Kinect Hacking

The Kinect is an accessory for Microsoft's Xbox game console. It contains an array of microphones, an active-sensing depth camera using structured light, and a color camera. The Kinect is intended to be used as a controller-free game controller, tracking the body or bodies of one or more players in its field of view.

The motivation for this project was to convert the Kinect into a 3D camera by combining the depth and color image streams received from the device, and projecting them back out into 3D space in such a way that real 3D objects inside the cameras' field of view are recreated virtually, at their proper sizes (see Figures 1 and 2).

Figure 1: Video of a user interacting with a pre-recorded life-size "holographic" avatar of himself in the KeckCAVES virtual reality environment.
Figure 2: Video showing the Augmented Reality Sandbox, which uses a Kinect camera to capture a 3D model of the surface of sand in a sandbox, and a projector to project a dynamic topographic map back onto the sand.

Kinect Sensors

The Kinect contains a regular color camera, sending images of 640*480 pixels 30 times a second. It also contains an active-sensing depth camera using a structured light approach (using what appears to be an infrared LED laser and a micromirror array), which also sends (depth) images of 640*480 pixels 30 times a second (although it appears that not every pixel is sampled on every frame).

What Makes The Kinect Special?

It is important to understand the difference between 3D cameras like the Kinect on one hand, regular (2D) cameras on the other hand, and so-called "3D cameras" -- actually, stereoscopic 2D cameras -- on the third hand (ouch).

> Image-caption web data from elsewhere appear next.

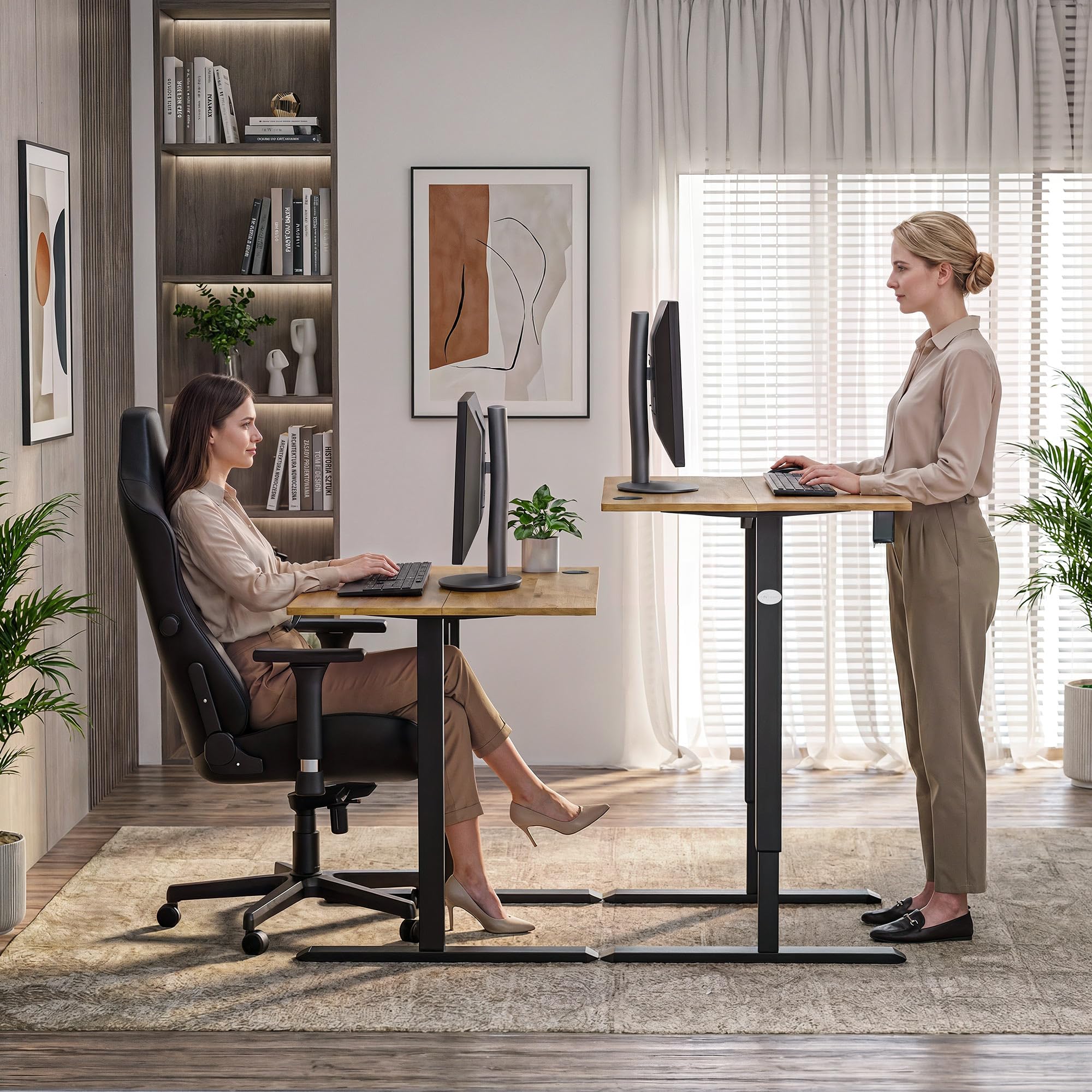 di volio Elektrischer Schreibtisch Höhenverstellbar Braun 88x60 cm Barga | Platzsparender Bürotisch, Sitz-Steh-Funktion, Memory-Funktion, Stehtisch fürs Homeoffice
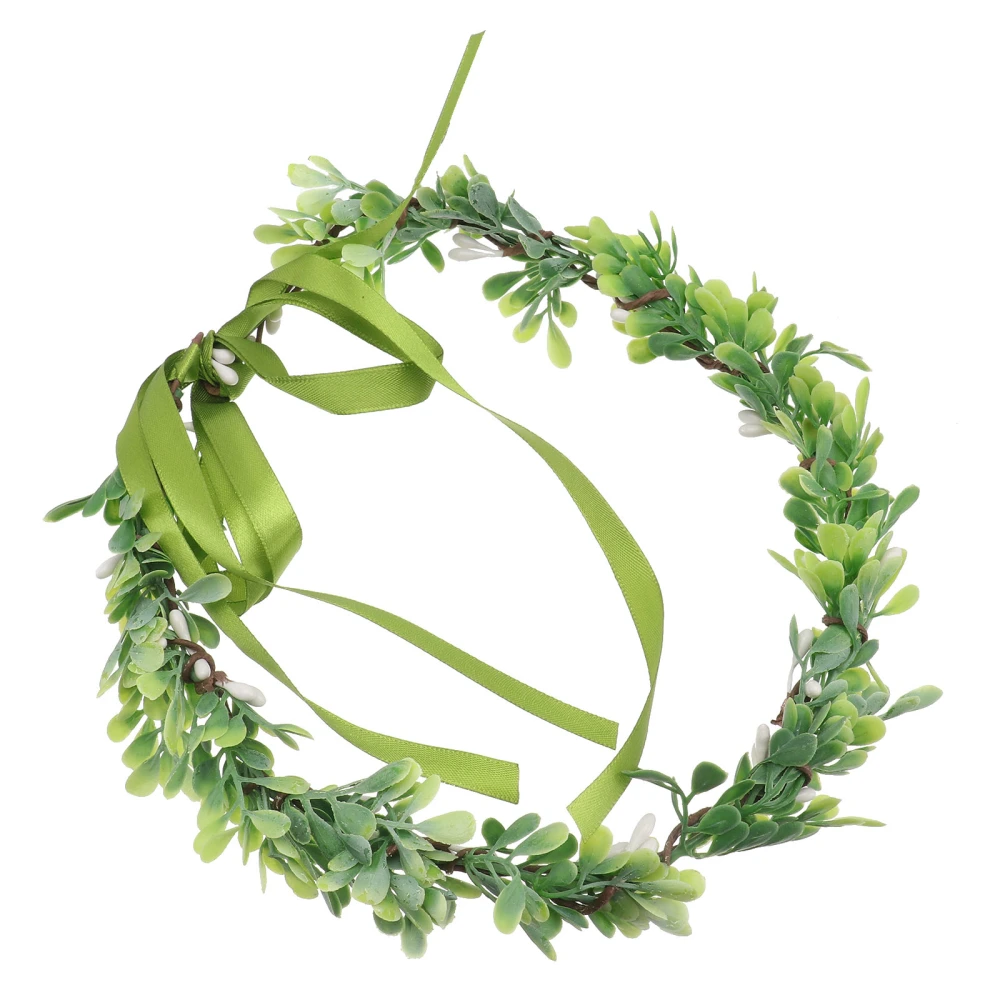 1pc Artificial Wreath Hanging Decor Fake Wreath Scene Decor Green Plant Garland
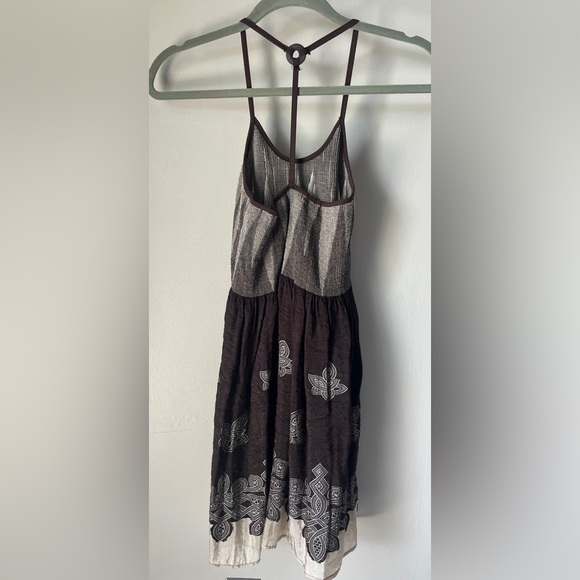 Chocolate & Beige Brown Sundress with Razorback | Fit & Flare | Size S/M - Picture 3 of 5
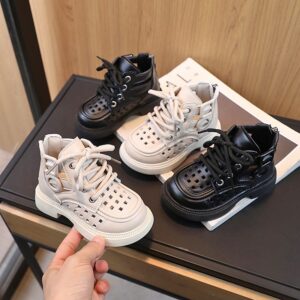 Kids Unisex Fashion Casual British Style Thick-Soled Lace-Up Boots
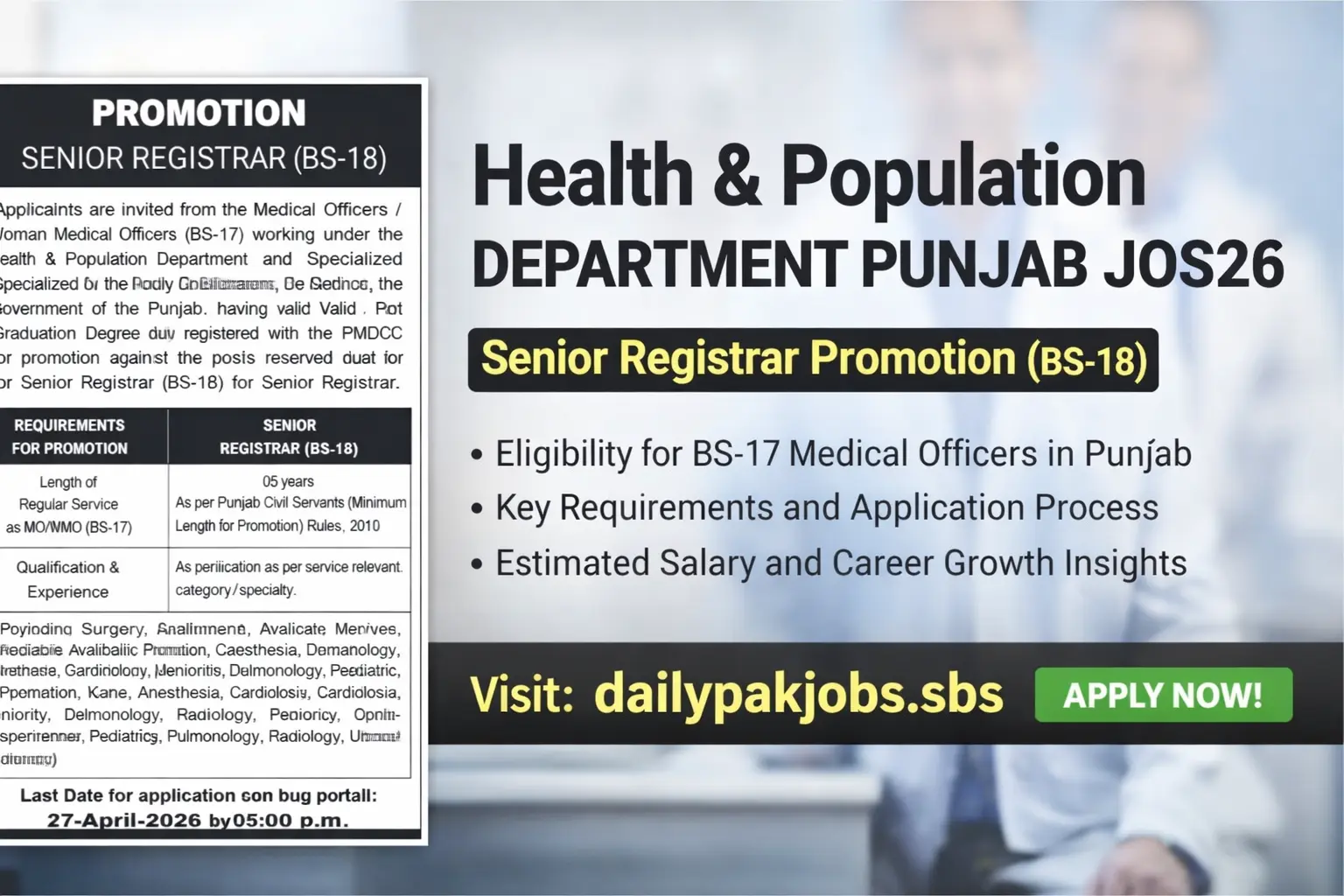Health & Population Department Punjab Jobs 2026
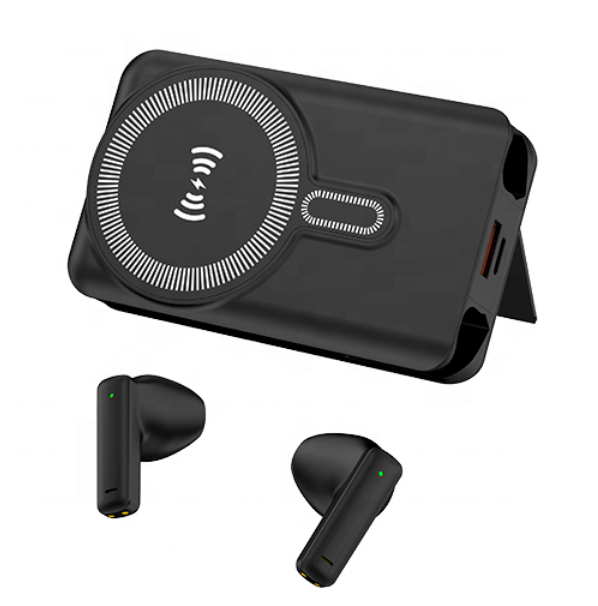 2024 New Arrivals Anc Enc Headphones With 15W Wireless Charging Noise Reduction Earphone With Power Bank and Bluetooh Headset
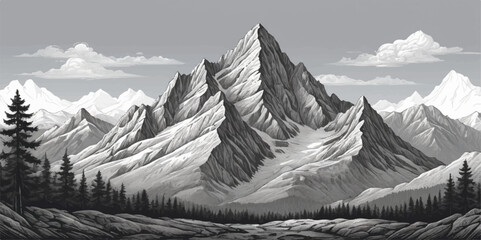 

Majestic snow-covered mountains at sunrise, a pristine winter landscape with high peaks touching the sky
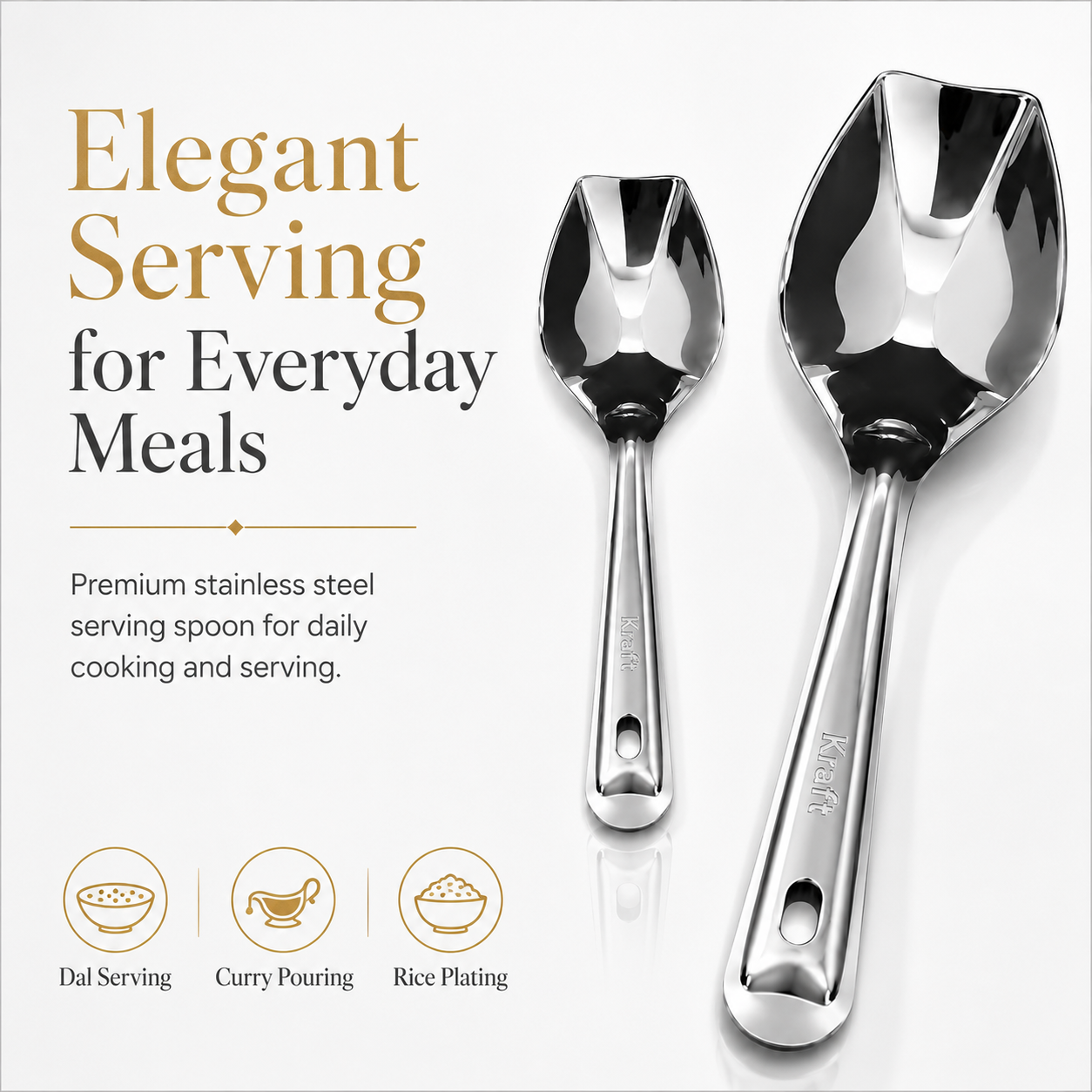 Kraft Stainless Steel Deep Biryani Server | Rice Serving Spoon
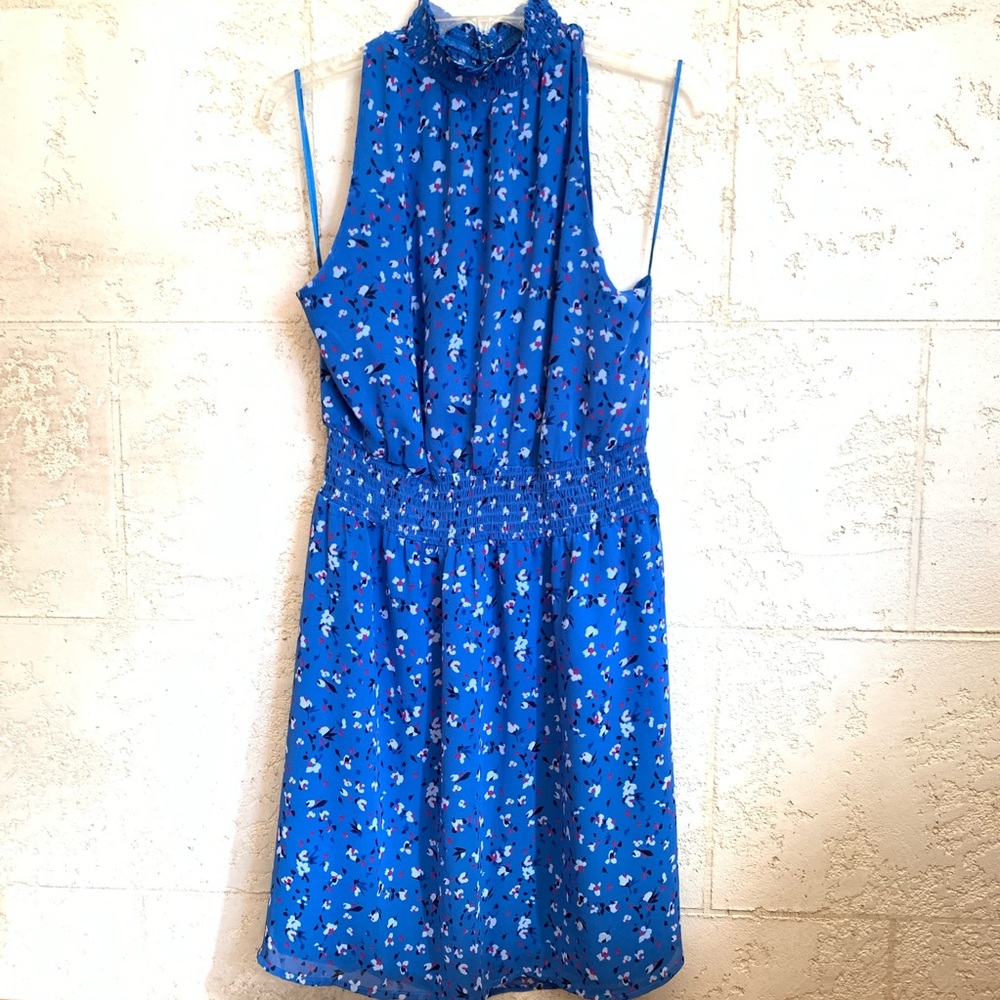 Womens Floral Print Sleeveless Halter Neck Dress-L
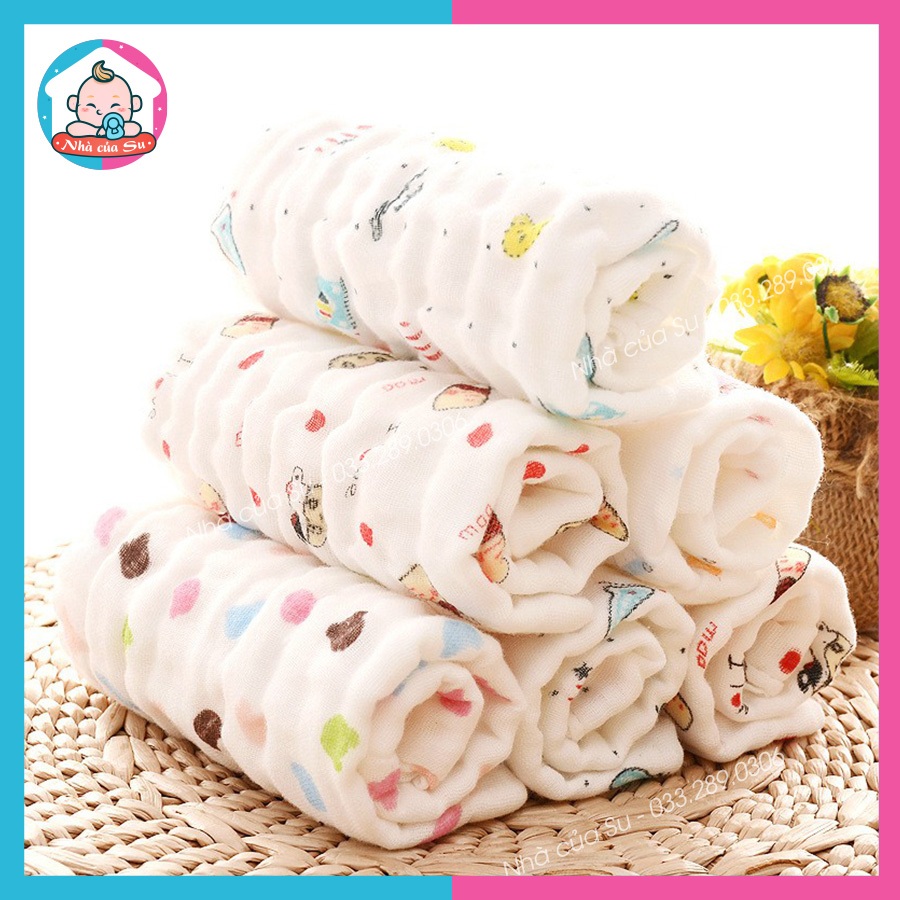 Set 5 Khăn sữa xô Muslin có viền 2-6 lớp cao cấp thấm hút mềm mại cho bé sơ sinh Nhà của Su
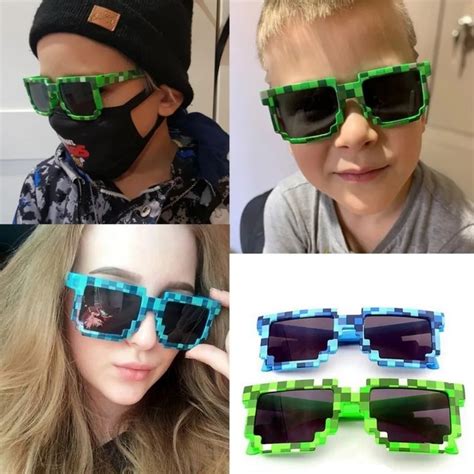 Jual Kacamata Model Pixel Minecraft Mosaic Kaca Mata Fashion Gamer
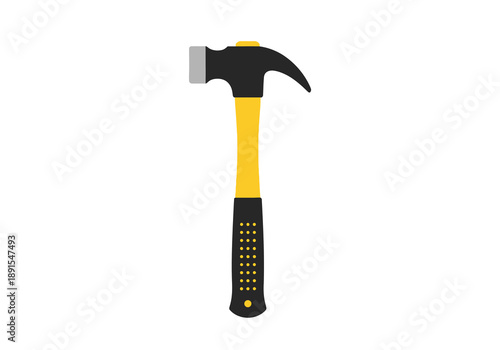 Yellow and Black Hammer Tool Illustration.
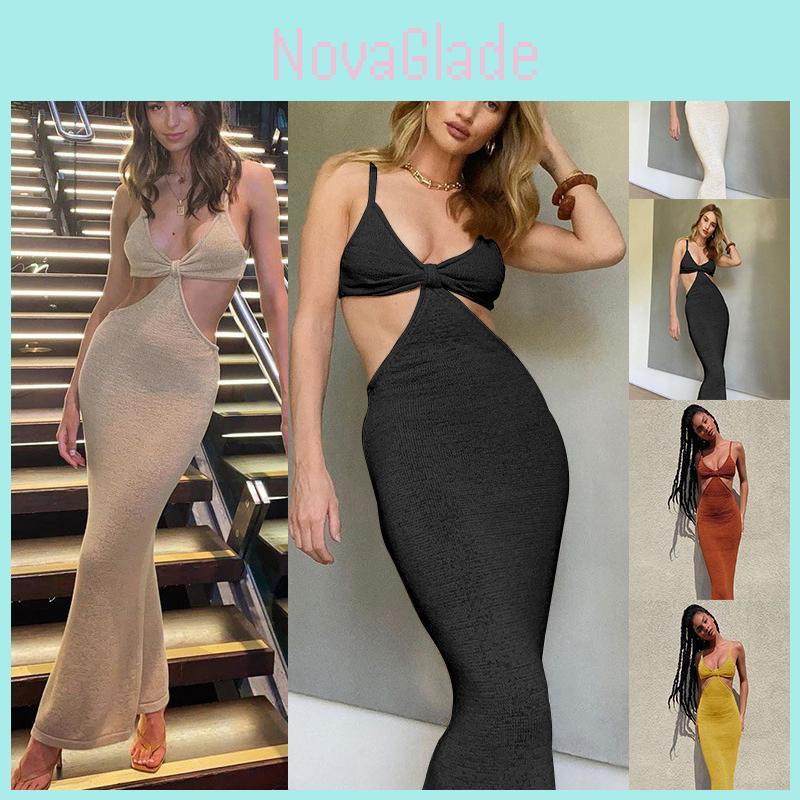 Spaghetti Maxi Dresse Strap Hollow Out Bodycon Dress Backless Cut Out Dress Wrap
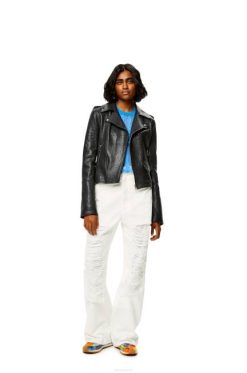 preto 80ZJ1137 mulheres jaqueta biker em napa Loewe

Kinect vs Regular 2D Camera

Any camera, 2D or otherwise, works by projecting 3D objects (or people...), which you can think of as collections of 3D points in 3D space, onto a 2D imaging plane (the picture) along straight lines going through the camera's optical center point (the lens). Normally, once 3D objects are projected to a 2D plane that way, it is impossible to go back and reconstruct the original 3D objects. While each pixel in a 2D image defines a line from that pixel through the lens back out into 3D space, and while the original 3D point that generated the pixel must lie somewhere on that line, the distance that 3D point "traveled" along its line is lost in projection. There are approaches to estimate that distance for many pixels in an image by using multiple images or good old guesswork, but they have their limitations.

A 3D camera like a Kinect provides the missing bit of information necessary for 3D reconstruction. For each 2D pixel on the image plane, it not only records that pixel's color, i.e., the color of the original 3D point, but also that 3D point's distance along its projection line. There are multiple technologies to sense this depth information, but the details are not really relevant. The important part is that now, by knowing a 2D pixel's projection line and a distance along that projection line, it is possible to project each pixel back out into 3D space, which effectively reconstructs the originally captured 3D object(s). This reconstruction, which can only contain one side of an object (the one facing the camera), creates a so-called facade. By combining facades from multiple calibrated 3D cameras, one can even generate more complete 3D reconstructions.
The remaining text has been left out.